● **SUPPLIED INFORMATION**
-- Opening Marker --

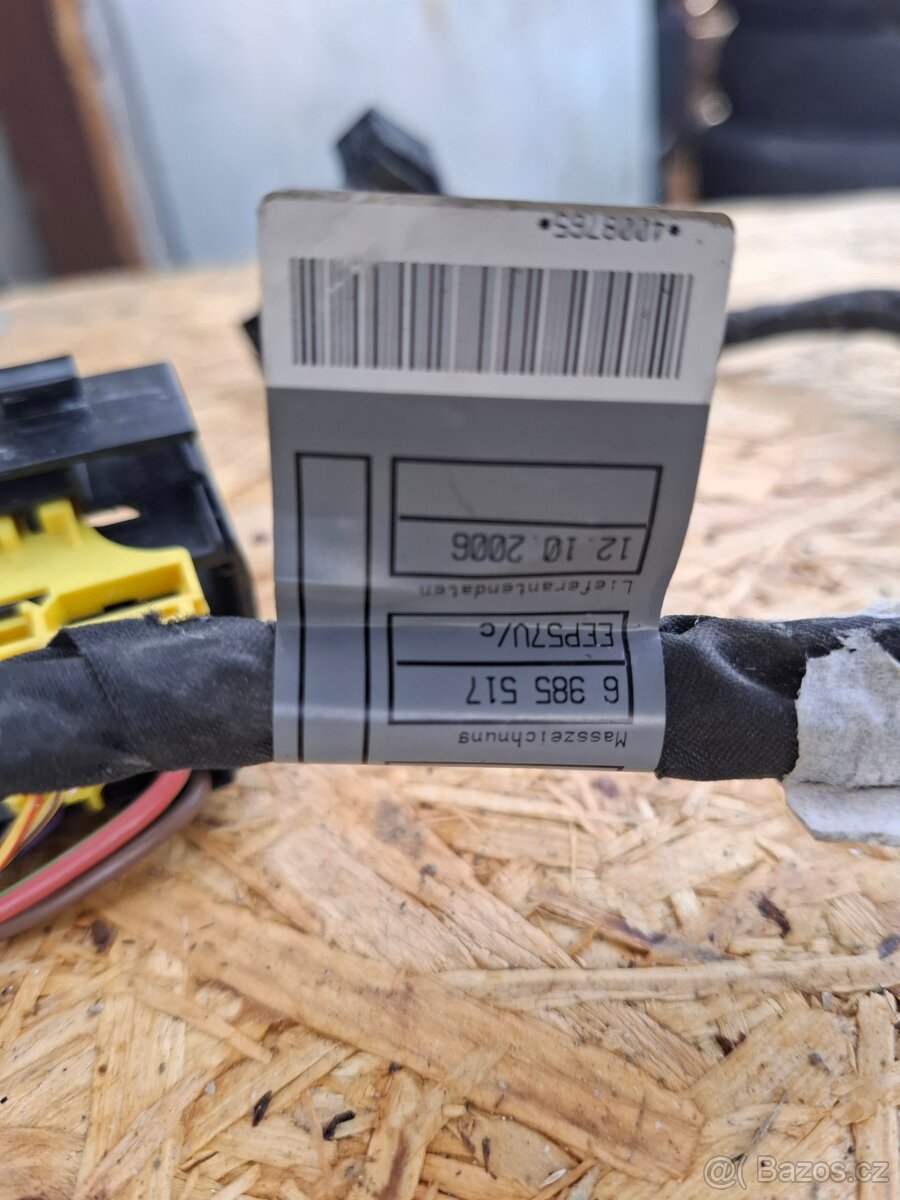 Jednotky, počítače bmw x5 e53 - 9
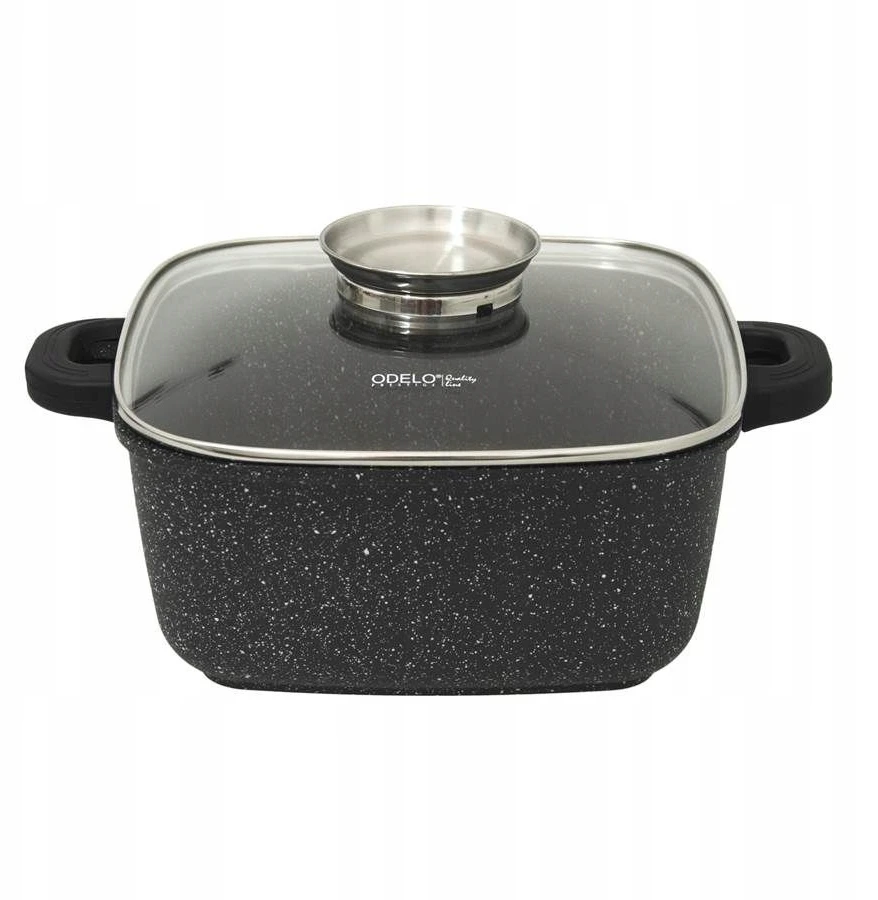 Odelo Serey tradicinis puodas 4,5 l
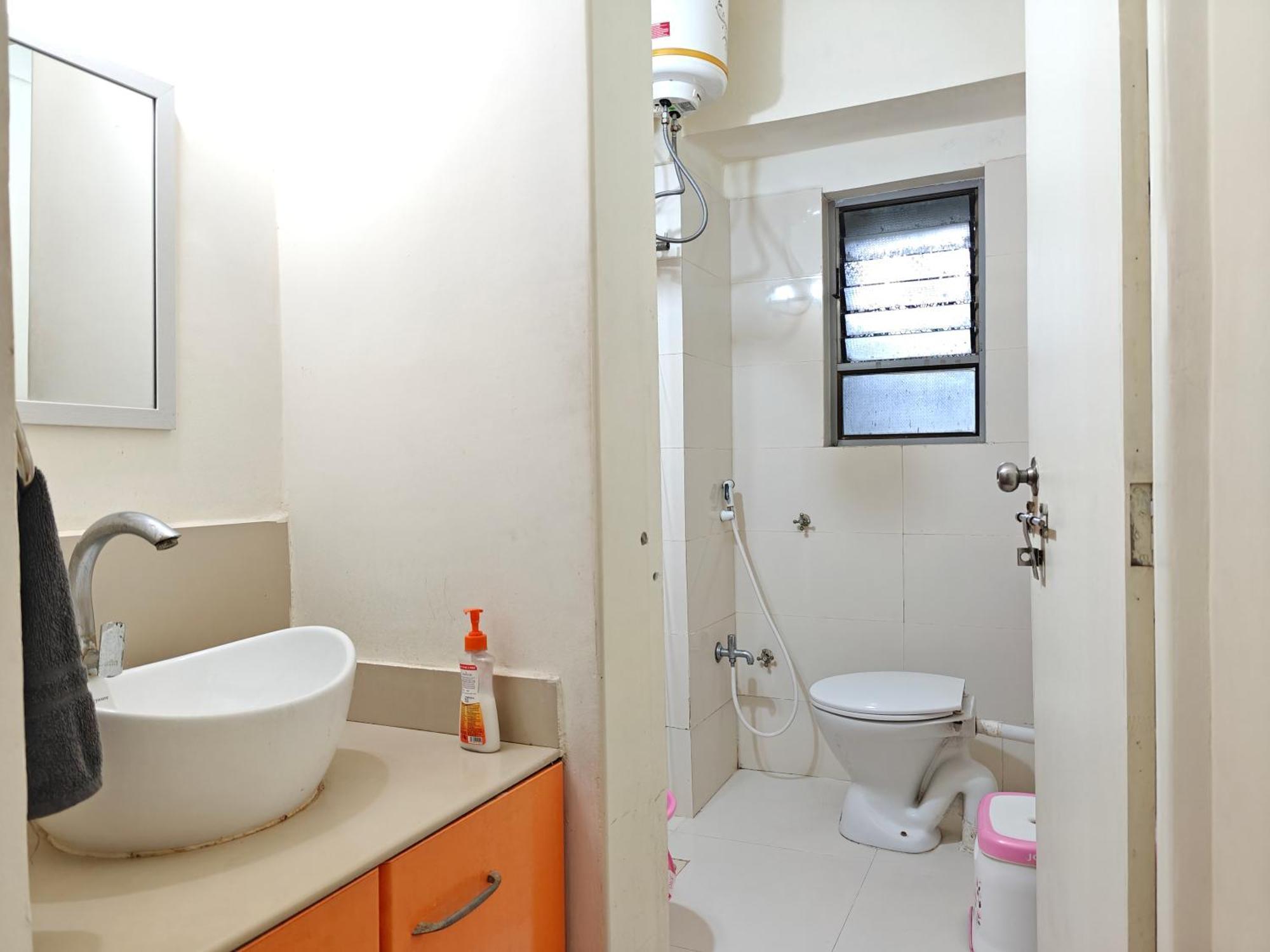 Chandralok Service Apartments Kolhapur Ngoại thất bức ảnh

-- Closing Marker --

● **WHAT TO DO**
The response must repeat all the lines above exactly and include no pictures.

● **SOLUTION TO THIS TASK**
 Jednotky, počítače bmw x5 e53 - 9
 Odelo Serey tradicinis puodas 4,5 l
 Chandralok Service Apartments Kolhapur Ngoại thất bức ảnh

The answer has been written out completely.